Declarada inconstitucionalidade de lei municipal que previa doações de imóveis públicos
Em sessão de julgamento, os desembargadores do Órgão Especial, por unanimidade, julgaram procedente a Ação Direta de Inconstitucionalidade, com pedido de medida cautelar, requerida pelo Procurador-Geral de Justiça do Estado em desfavor de um município do interior, bem como de sua Câmara Municipal. A ação tem o objetivo de declarar nula a Lei Municipal nº 617/2015 que dispõe sobre doações de imóveis de propriedade do município requerido.
Alega o requerente que a referida lei viola o artigo 25 da Constituição Estadual, pois está em desacordo com o artigo 73,§ 10, da Lei nº 9.504/97, cuja execução da norma debatida se daria em pleno ano eleitoral. Dessa forma, a citada lei não pode ser usada como fundamento para distribuição arbitrária de bens públicos aos munícipes, o que afronta os princípios da moralidade administrativa, impessoalidade, igualdade e legalidade por conta de vício material na motivação da edição da lei.
Aponta que tal erro material se deu porque após três anos de mandato do prefeito e dos vereadores o projeto de lei foi enviado à Câmara com a solicitação de regime de urgência por haver “interesse pessoal”, uma vez que o atual gestor municipal está em seu primeiro mandato, estando apto a concorrer a reeleição. Logo, a urgência foi declarada com o objetivo de se furtar à restrição imposta pela legislação eleitoral, mais especificamente à proibição de doação de bens públicos prevista no artigo 73, § 10 da Lei nº 9.504/97.
Em seu voto, o relator do processo, Des. Fernando Mauro Moreira Marinho, entende que entre os atos administrativos permitidos ao ente público está o ato de doação de bens móveis ou imóveis, desde que tal ato tenha motivo consistente nos pressupostos de direito para ensejar a prática, levando em consideração a necessidade de formalidade como a obediência ao interesse público e aos princípios norteadores da administração pública. Aponta que, dessa forma, a doação de bens públicos está sujeita à obediência de critérios estabelecidos em lei para evitar a alienação indiscriminada e dilapidação do patrimônio público.
Explica o relator que a Lei de Licitação nº 8.666/93, no seu artigo 17, estabelece a permissão de doações de bens públicos pela administração, desde que observada autorização legislativa, prévia avaliação, observância do interesse público, estabelecendo os encargos e as obrigações assumidas e o prazo para seu cumprimento, logo, as doações em questão deveriam observar tais aspectos.

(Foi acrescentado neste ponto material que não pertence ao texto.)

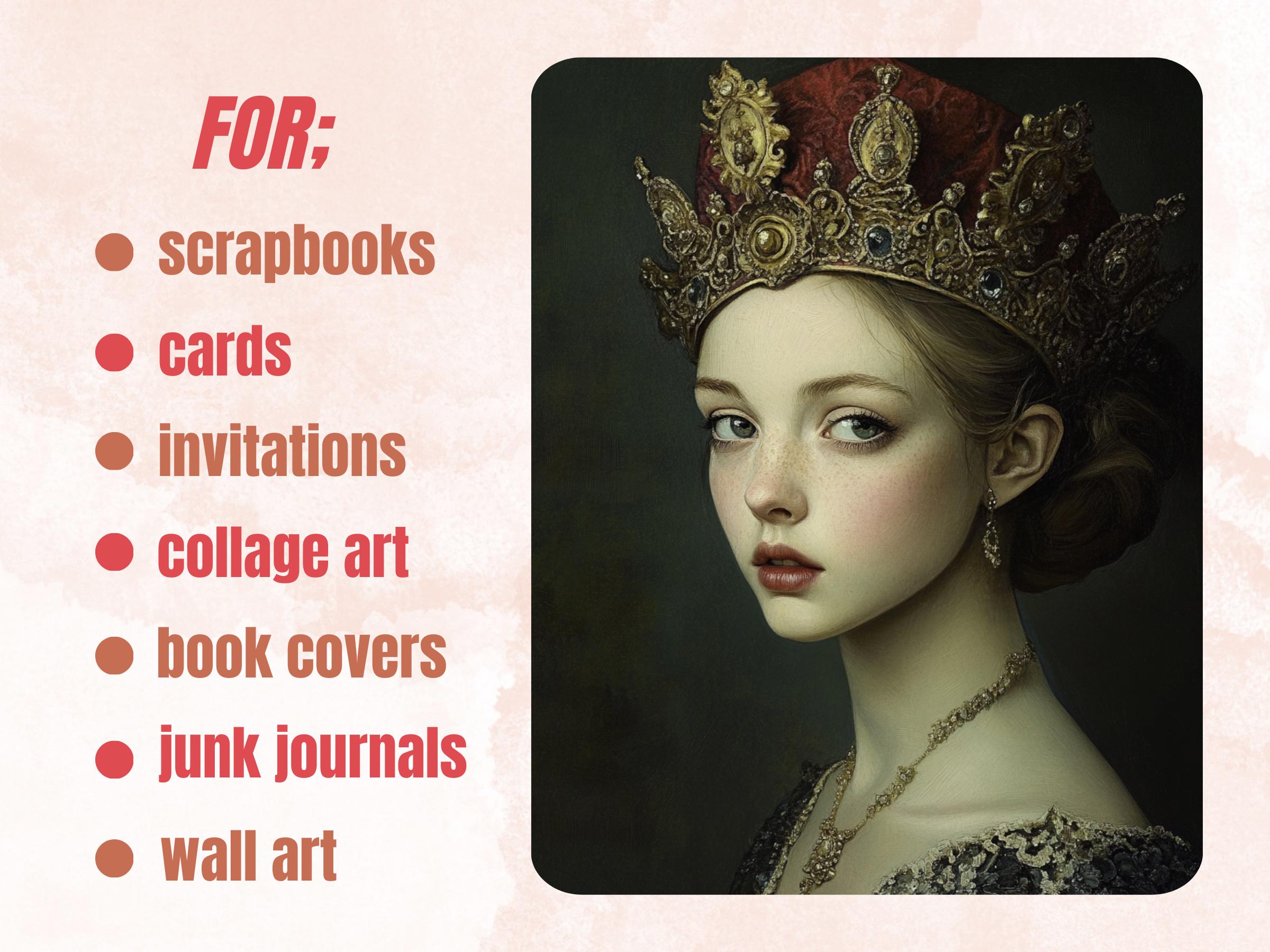 Royal Dreams Collage Paper Kit, Surreal Royal Mixed Media Art, Whimsical Elegant Ephemera, CU, Printable Sheets, Scrapbooking, Junk Journal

Salienta que há irregularidades nas doações, pois não houve a avaliação prévia dos imóveis, inexistindo ainda o loteamento devidamente registrado, isto é, tais concessões estão de forma genérica, sem estabelecer a corporificação do imóvel e omissão quanto à formalização pelos instrumentos com os requisitos da legislação civil. Também afirma que tal ato pode causar a redução no patrimônio público. Conforme dispõe o art. 1º da norma municipal impugnada: "doar imóveis de sua propriedade, dentro dos limites deste Município, devidamente registrados em órgão competente, e mediante Projeto de Loteamento de Interesse Social, com a finalidade específica de proporcionar acesso à moradia aos beneficiários selecionados em programas habitacionais do município de Anaurilândia", o que afronta o princípio da legalidade estatuída na Lei de Licitação nº 8.666, no art. 17, que se exige a individualização do imóvel a ser doado e sua avaliação prévia para proceder também a realização das baixas contábeis e patrimoniais dos bens no órgão doador e em contrapartida as incorporações no patrimônio dos donatários, inexistindo na lei objurgada menção sobre a descrição dos bens a serem doados.
O Desembargador conclui sua argumentação dizendo que está configurado o vício material da lei por violação ao princípio da legalidade contido no artigo 25 da Constituição Estadual, confirmando assim a tese alegada pelo autor de ter havido franqueamento de doação de imóveis de forma genérica, sem observar as exigências de avaliação e autorização legal específica.
“Logo, conclui-se que nessa ação declaratória de inconstitucionalidade resta demonstrada a ocorrência de vício material no conteúdo da norma referente à ausência de critérios definidos quando à especificação do loteamento devidamente registrado, individualização dos imóveis a serem doados e sua avaliação prévia, requisitos exigidos na Lei de Licitação (art. 17), o que afronta o princípio da legalidade”.